Work instruction: Copy the first line of the entries below and every line after it through the line containing "Detached Villa for sale in Mijas — photo 1". Do not include pictures.

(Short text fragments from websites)
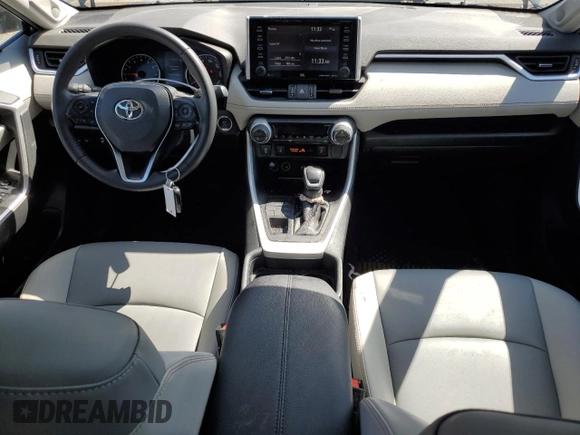 2019 Toyota RAV4 XLE Premium with VIN 2T3A1RFV6KC056792, listed as a Copart auction lot 53534865 with 80,109 mi miles and Salvage Title. Bid and sale history available at carsss.com. Image 8.
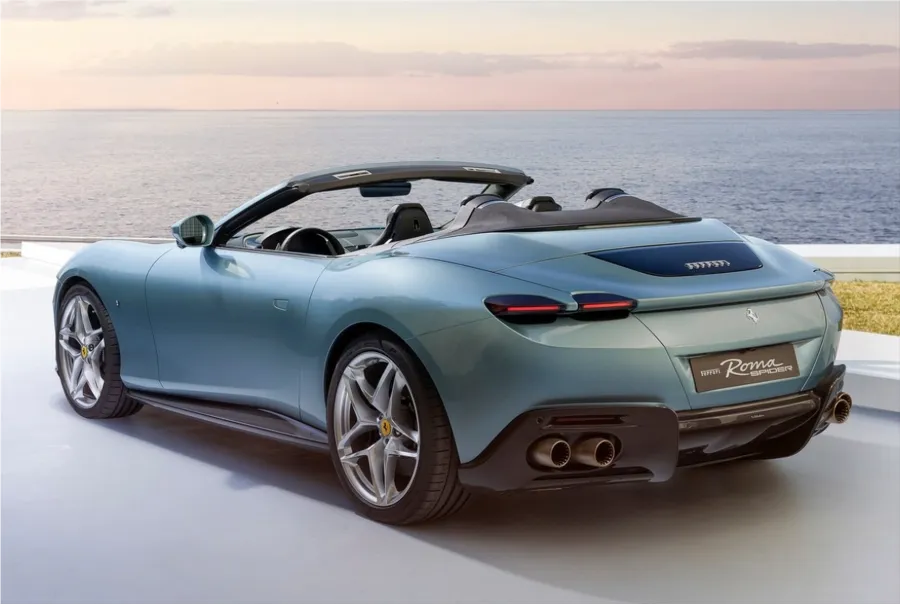 Ferrari Roma Spider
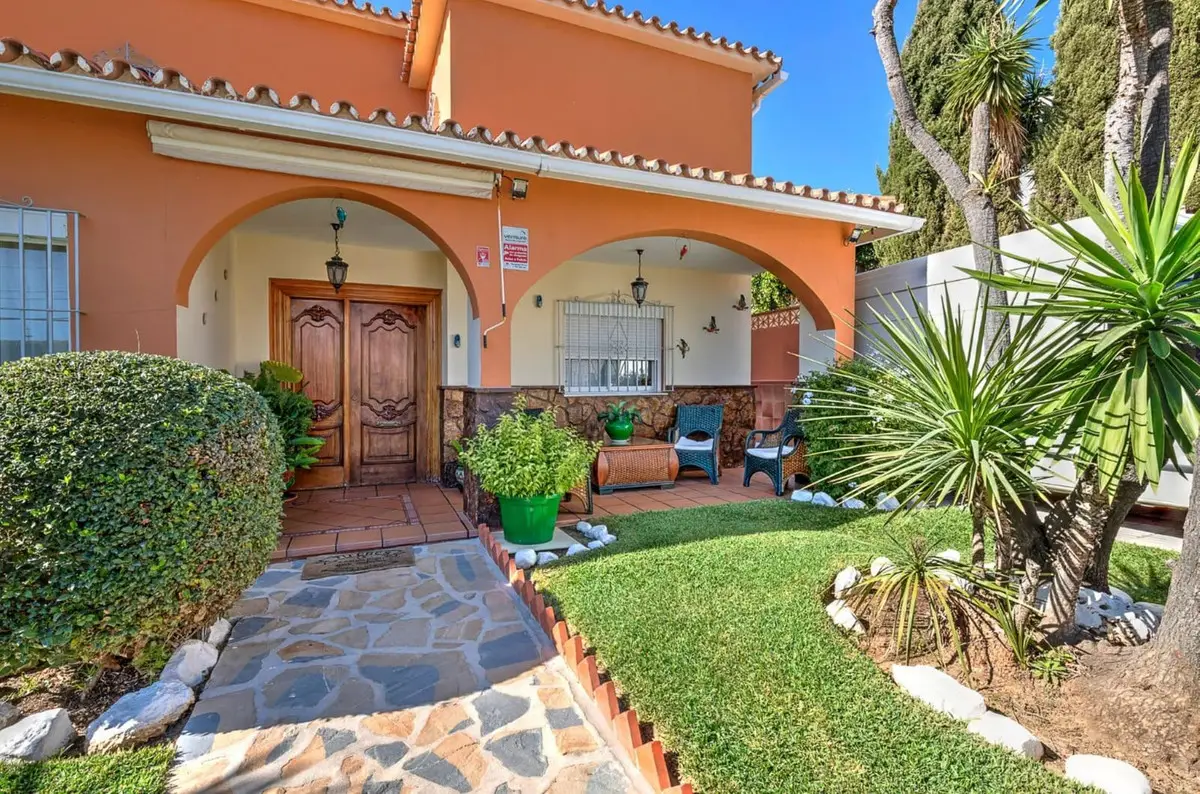 Detached Villa for sale in Mijas — photo 1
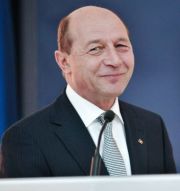 Basescu: Daca Strauss-Kahn are dubii, ii transmit documentul cu mandatul FMI la Bucuresti! Cum comentati?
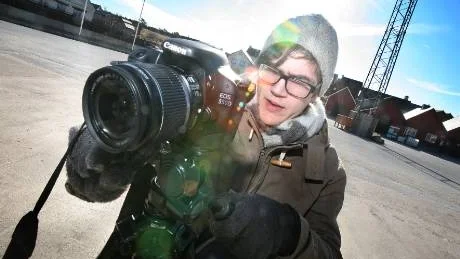 Modern teknik. Filmutrustningen är den enda moderna teknik som följer med på äventyret.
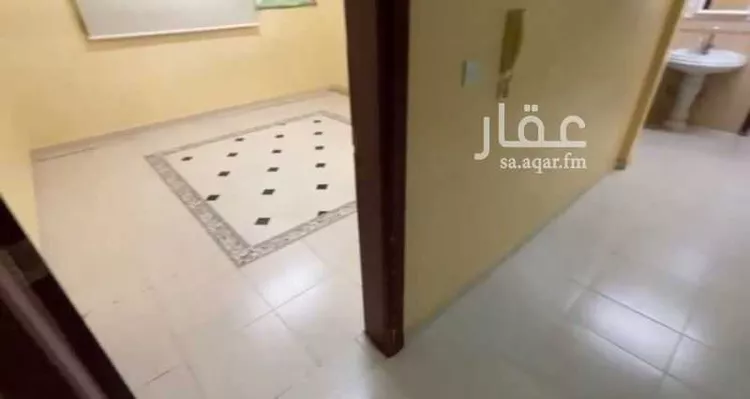 شقة للإيجار في شارع ابو بكر الصديق ، حي القادسية ، حوطة سدير ، المجمعة صورة 2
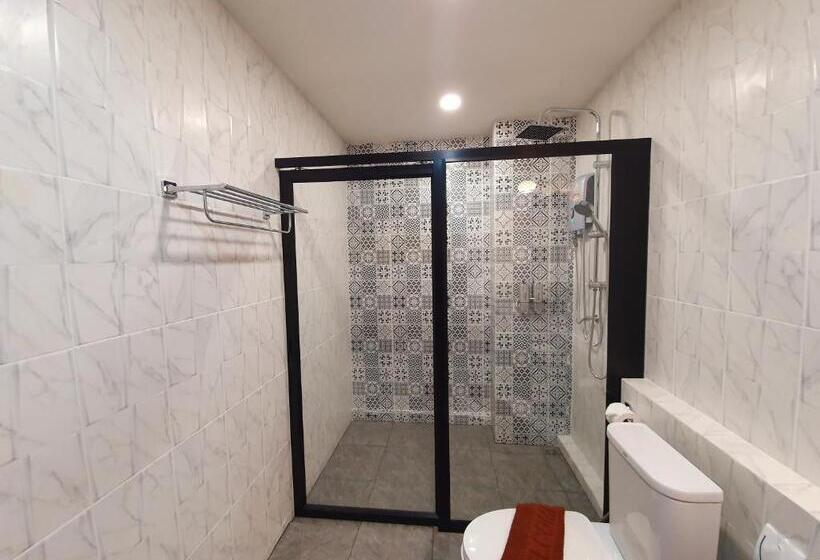 اتاق استاندارد چهار تخته, Usabai Riverside Boutique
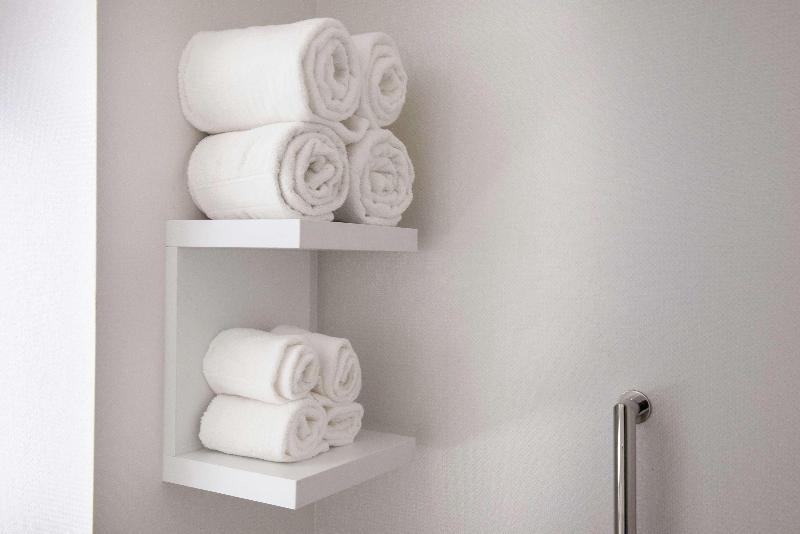 اتاق استاندارد با تخت بزرگ, Hampton Inn & Suites Legacy Parkfrisco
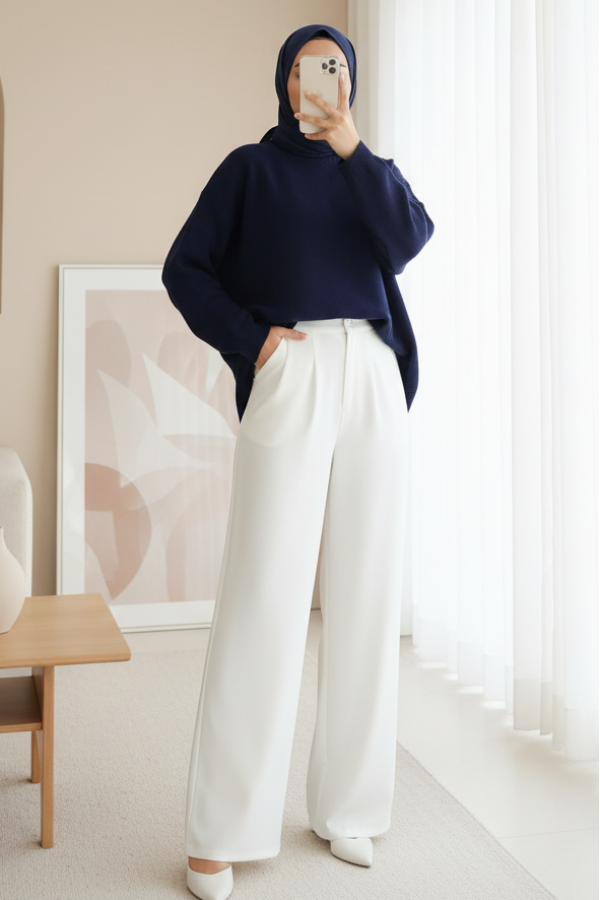 Round  Neck Loose Knit Sweater -Navy blue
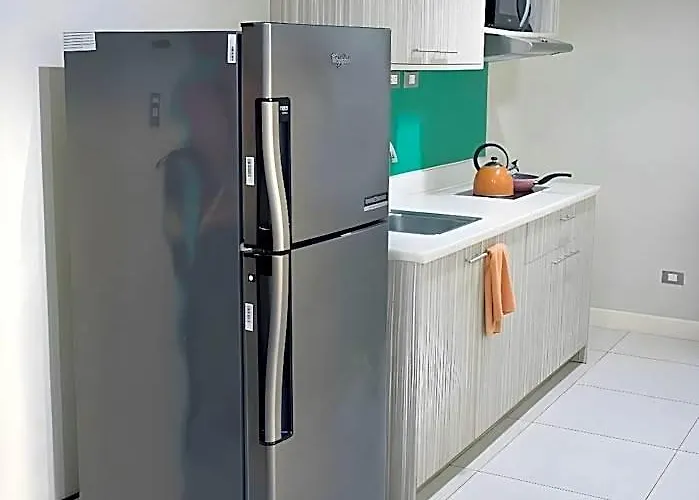 Hostel Alicia Tower Residences (Adults Only)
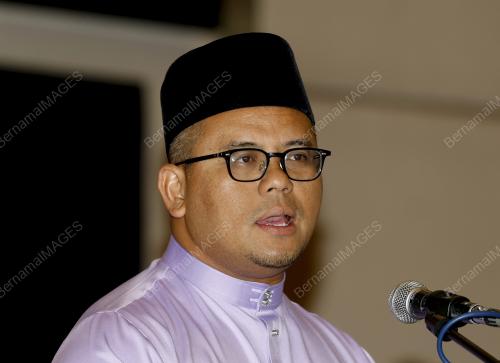 DATUK SERI AMIRUDIN SHARI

Exercise result:
 2019 Toyota RAV4 XLE Premium with VIN 2T3A1RFV6KC056792, listed as a Copart auction lot 53534865 with 80,109 mi miles and Salvage Title. Bid and sale history available at carsss.com. Image 8.
 Ferrari Roma Spider
 Detached Villa for sale in Mijas — photo 1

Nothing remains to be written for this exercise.